The most commonly used way to normalize gene expression is to report the expression of the gene(s) of interest to the expression of “HouseKeeping Genes” (HKG) or internal control genes which expression is assumed to be stable between cells/tissues/samples and experimental conditions. These HKG can code for mRNA or rRNA. Nevertheless, the use of rRNA is not a good standard because these RNAs are present in the cell in a much larger quantity than the target mRNA. In addition, the present inventors (Caradec et al. (2010) Br. J. Cancer 102:1037-1043) and others (Lee et al. (2002) Genome Res. 12:292-297; Vandesompele et al. (2002) Genome Biol. 3:RESEARCH0034; Radonic et al. (2004) Biochem. Biophys. Res. Commun. 313:856-862) have demonstrated that HKG expression could vary according to samples or experimental procedures, leading to an inaccurate normalization, a misinterpretation of results and even conflicting report.

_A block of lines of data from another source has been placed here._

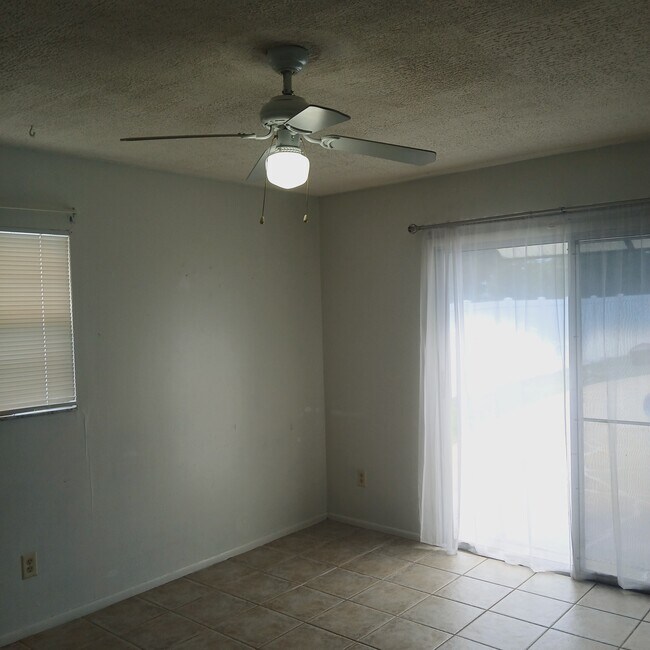 Foto del edificio - 153 Alderwood Dr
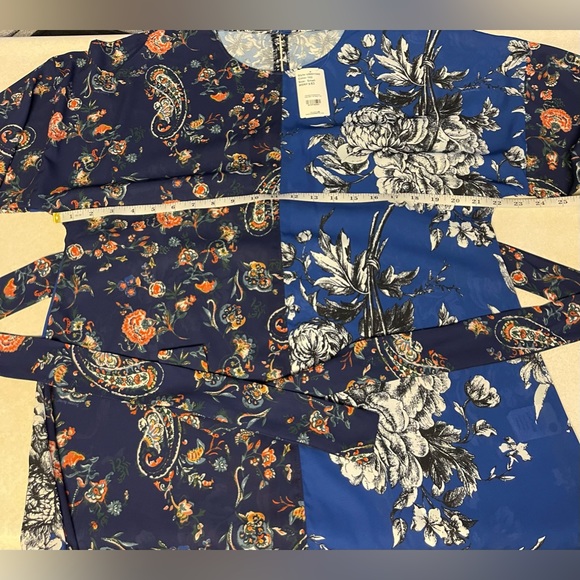 Suzanne Betro Women’s Division:S-Signature
TWIN PRINT TIE WAIST TOP Size S NWT - Picture 11 of 11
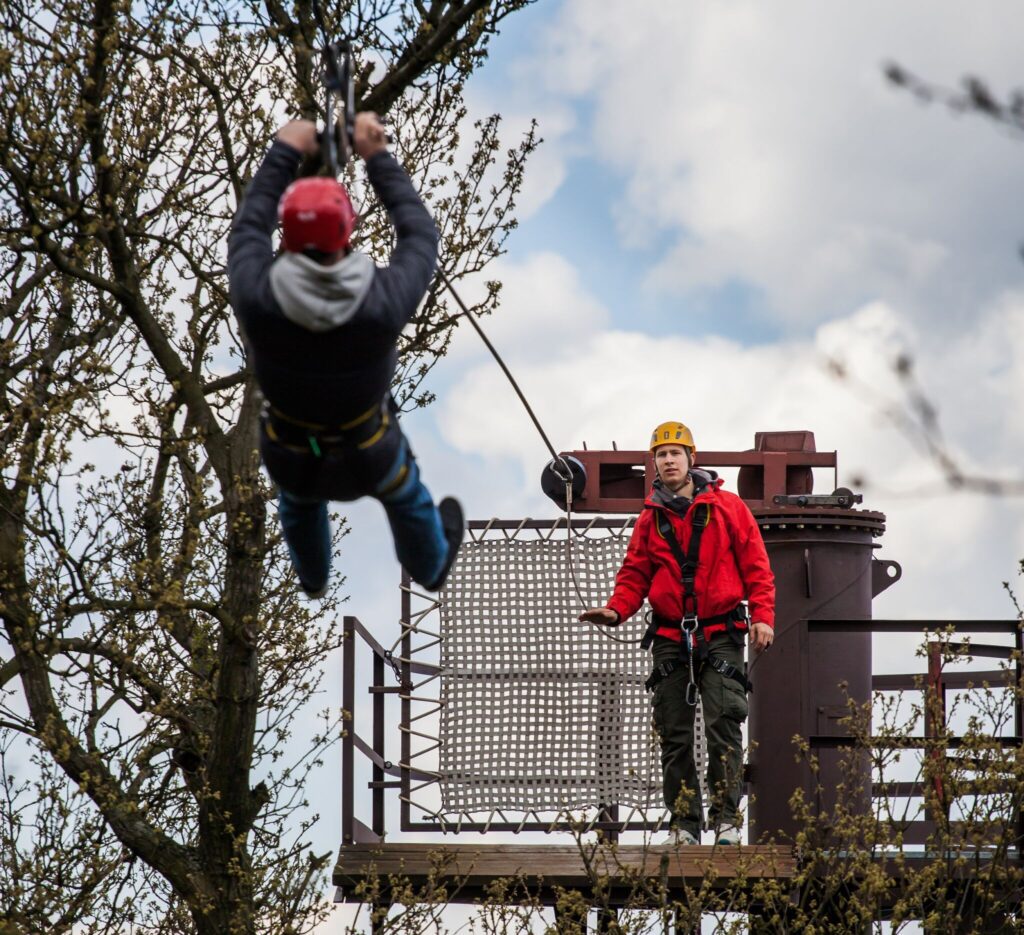 Őszi kalandlista: Függőhidak, csúszópályák és kalandparkok kicsiknek és nagyoknak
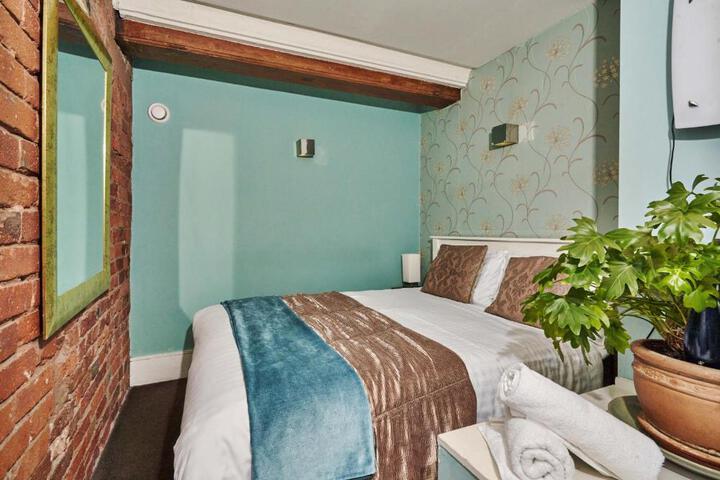 Guest Suite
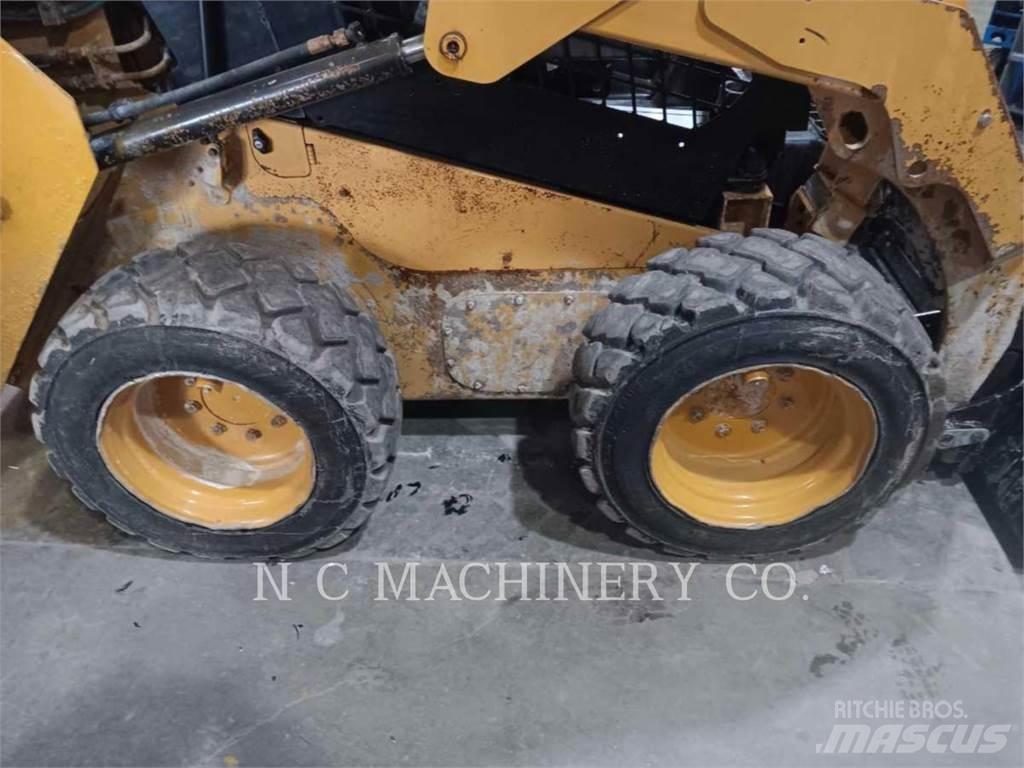 CAT 236D H2CN Schrankladers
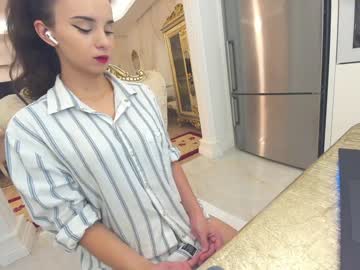girl
        ehotlovea cam image #370203
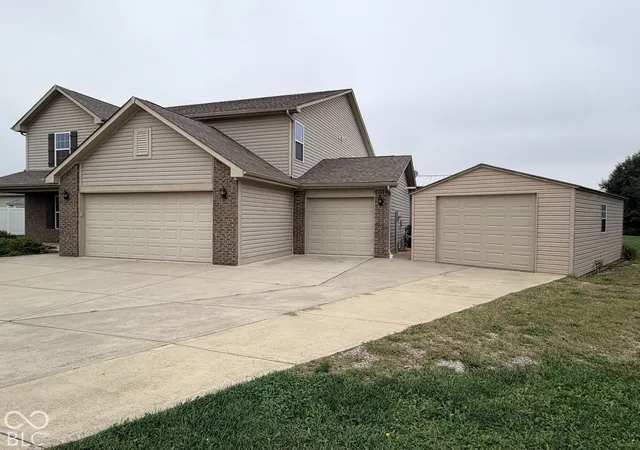 Photo 2 of Single family home for sale at 3368 Clairmont Ct, Columbus, IN 47203 | MLS# 22131806 | Listing updated on 2026-10-27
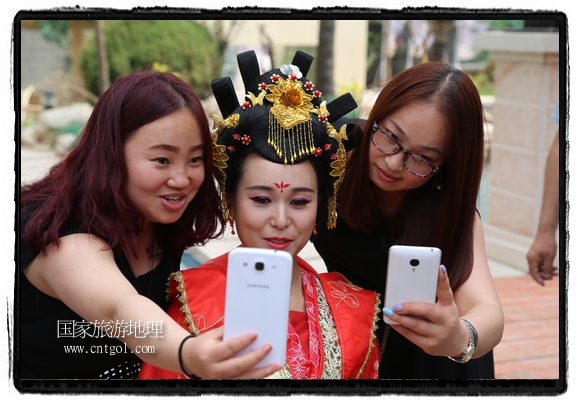 6月19日，端午節(jié)的前一天，甘肅平?jīng)鍪嗅轻紖^(qū)南山公園澳廈麗灣小區(qū)“邀請”唐朝被譽(yù)為四大美女之一的“楊貴妃”前來與市民見面，共度“端午佳節(jié)”。期間，“貴妃娘娘”由一名解說人員做向?qū)?，與小區(qū)居民一同游玩、賞景、互敬酒水、合影留念，并現(xiàn)場贈送大人小孩粽子、香包和糖果。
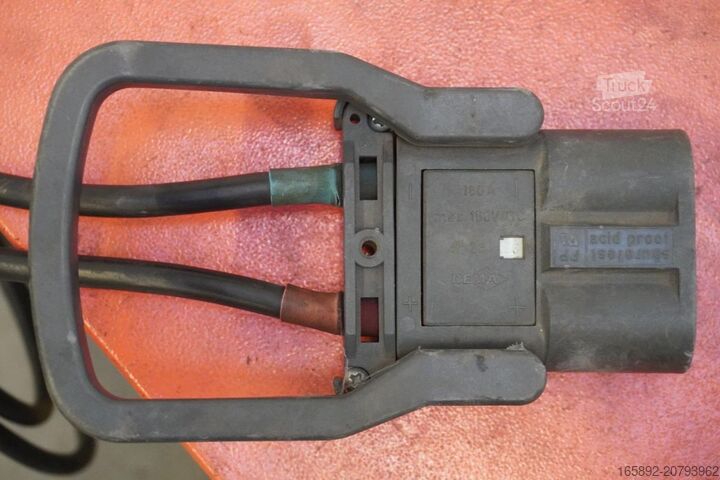 Forklift battery INDUSTRIE AUTOMATION INTRONIC B PULS D48/90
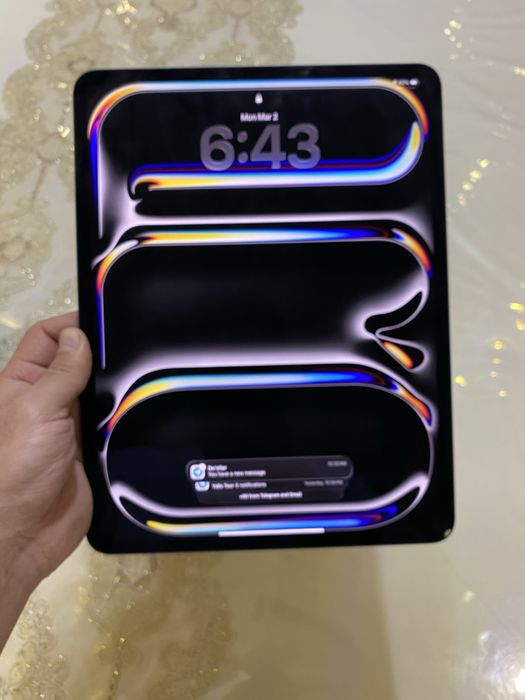 Ipad pro 13 m4 256 gb wifi + Magic keyboard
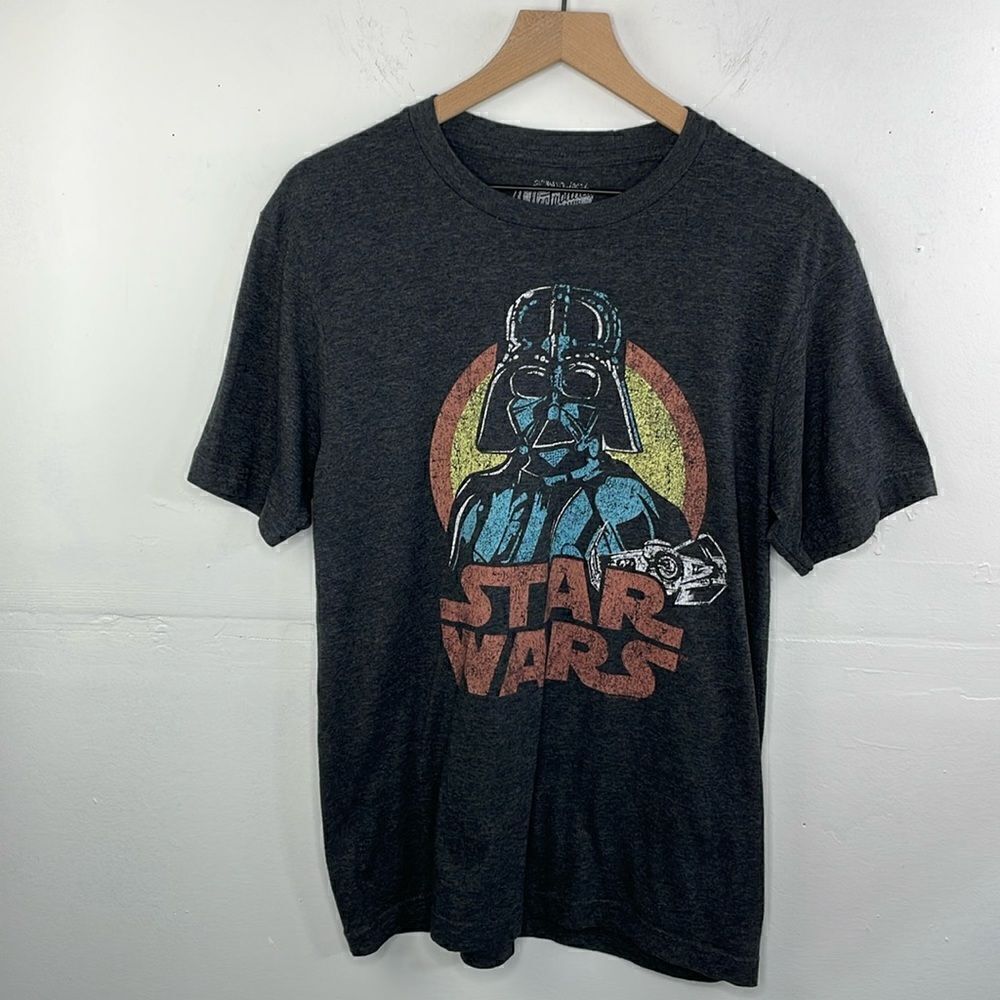 Star Wars Tee Gray size Medium Men’s
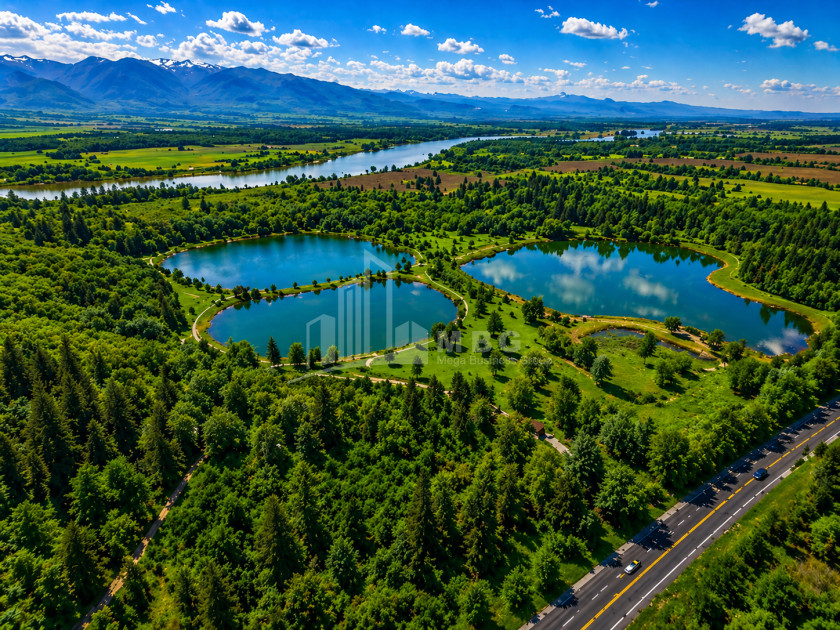 იყიდება კომერციული - არასასოფლო მიწის ნაკვეთი კახეთში
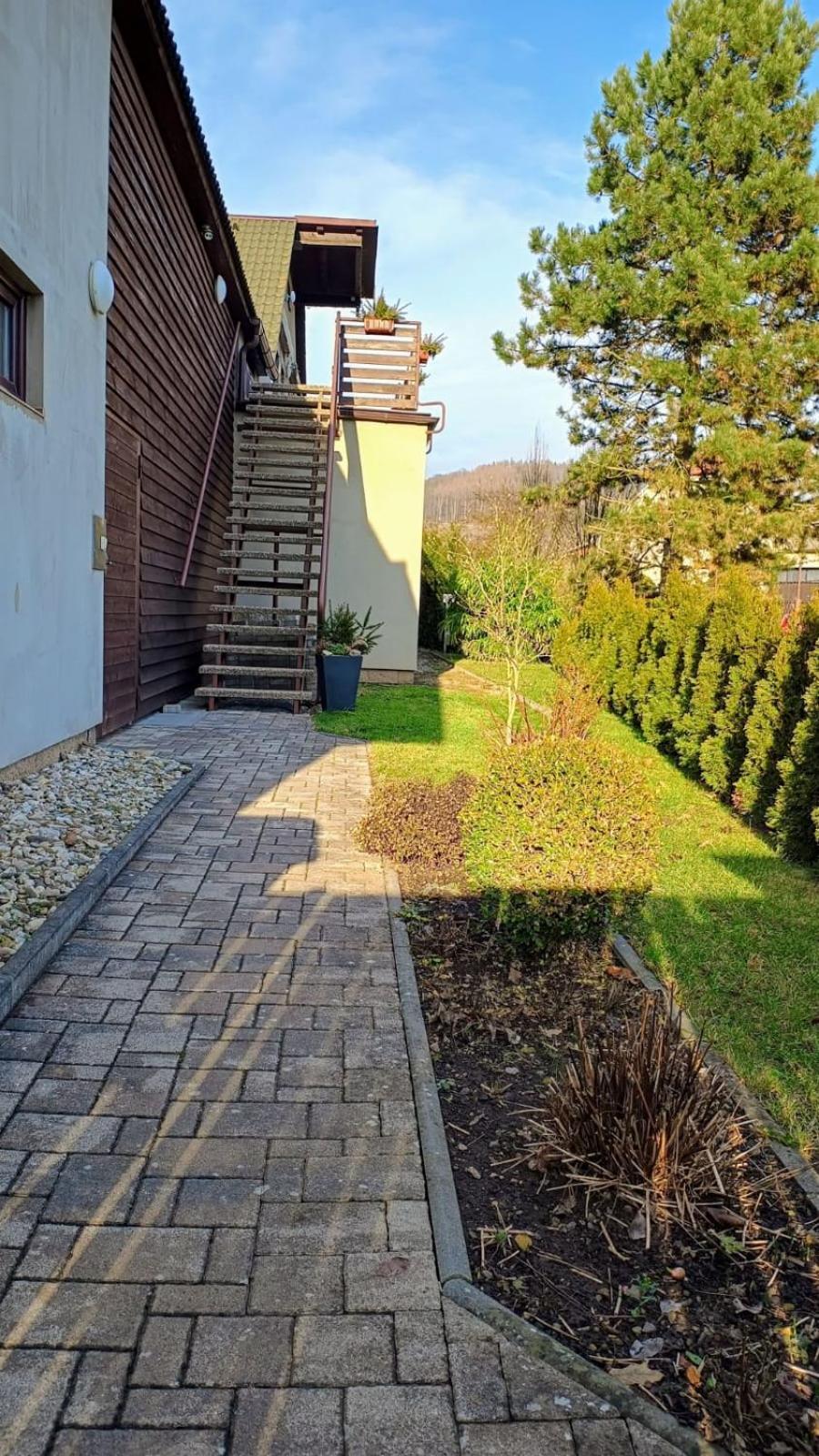 Guest House Sherpa Moravská Třebová Екстериор снимка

Most microarray experiments make use of the expression levels of all genes as normalization features, assuming that relatively few transcript levels vary between samples, or that any changes that occur are balanced. Van de Peppel et al. showed that this “all-gene” approach does not take into account global changes that often occur during experimental conditions, sampling and sample preparation (van de Peppel et al. (2003)).
Therefore there are no universal control genes to normalize rt-qPCR and microarray assays. Accordingly, prior to any quantification of target genes, several HKG should be tested for their stability in each condition or sample studied (pre-experimental validation) in order to determine the less variable HKG which will be the more appropriate reference for the experiment (Tricarico et al. (2002) Anal Biochem 309:293-300; Pfaffl et al. (2004) Biotechnol Lett 26:509-515). This prior analysis is cumbersome, time-consuming and costly. Furthermore, for laboratories which are not using rt-qPCR or microarray assay as a routine, the prior study of HKG is not profitable. Finally, searching for the best HKG means the pre-analysis consumption of precious samples.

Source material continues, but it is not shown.